The Key To Business Success? Relationships! ~via @jenniferlund
This is the first half of a post where Jennifer Lund discusses Return on Relationship and an interesting method to calculate your ROR (#RonR). - Ted
If I were to ask you what makes a business successful, you probably would say: a unique, unforgettable product + an ability to deliver an amazing customer service.
And you’d be totally right.
However, although important, these two elements are not the only ones that drive success.
In order to attract new and retain existing customers, you also need to dedicate resources and invest into building strong, long-term business relationships that help people see the value and achieve their goals with a product or service.
But there’s more to it than just responding to emails on time, sending email marketing campaigns with discounts or being polite on the phone.
Just like personal relationships, relationships in business take long time to develop, and usually require a process that turns every touchpoint with a customer into an opportunity for communication, trust, and mutual growth.
To put it simply – to be successful, businesses need to establish positive relationships with customers.
Why do business relationships matter?
Creating a relationship with both new and potential customers allows businesses to offer a more personalized and enticing customer experience.
And it is exactly the quality of the experience you offer that will determine whether of not you’ll establish long-term business success
In a recent study, 86% of customers claim their experiences are just as important as the actual product or service they purchase.
This means businesses are not only required to provide products or services their customers need, but they also must also deliver a great end-to-end experience across every touchpoint.
Relationships metrics: ROI vs ROR
We all have heard about Return on Investment (ROI) – a performance metric used to evaluate the effectiveness of money being spent and the profit that it yields.
If we look from a relationship perspective, a new and more effective term can be of use – Return on Relationship (ROR).
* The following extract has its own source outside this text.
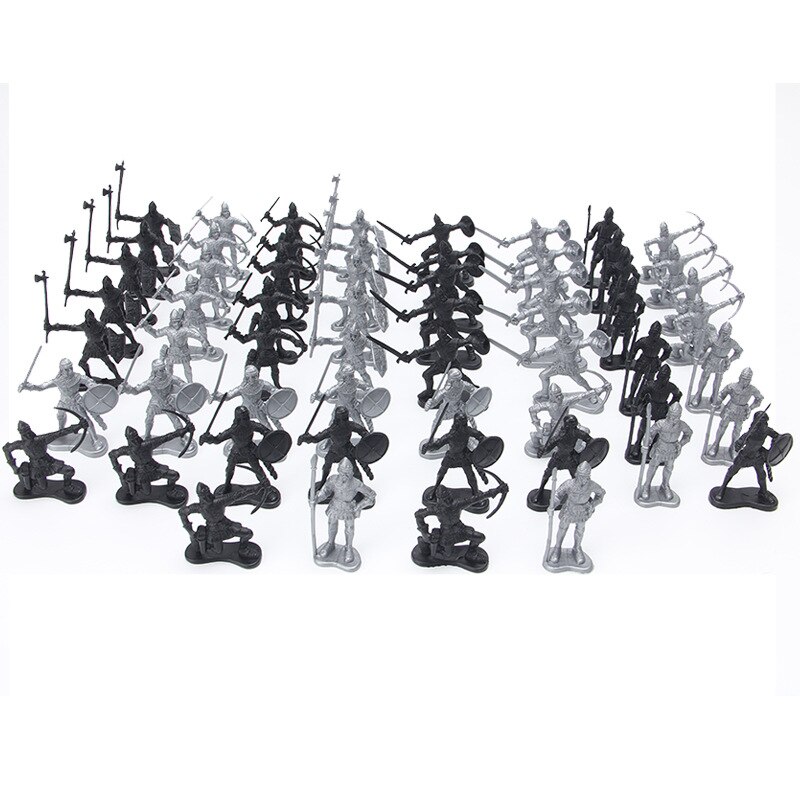 60 krigere i rom figurer model bygning mursten millitær soldat fgures drenge samling legetøj jul: 60 soldater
It can provide deeper insights on the effectiveness of a business’ personality and its ability to connect with people.
Ted Rubin, a leading social marketing strategist and CMO of Photofy, defines ROI and ROR as follows:
“ROR (Return on Relationship) is the value accrued by a person or a brand due to nurturing a relationship. ROI (Return on Investment) is simple dollars and cents. ROR is the value (perceived and real) that will accrue over time through loyalty, recommendations, and sharing.”
And it is ROR that puts an emphasis on building positive relationships.
How to calculate Return on Relationship
Calculating ROR doesn’t require complex analytics. Instead, you can use a simple formula to determine how successful your business is at generating referrals or repeat business.
Use this simple calculation to calculate your ROR.
First, calculate the total number of customers who have purchased from you.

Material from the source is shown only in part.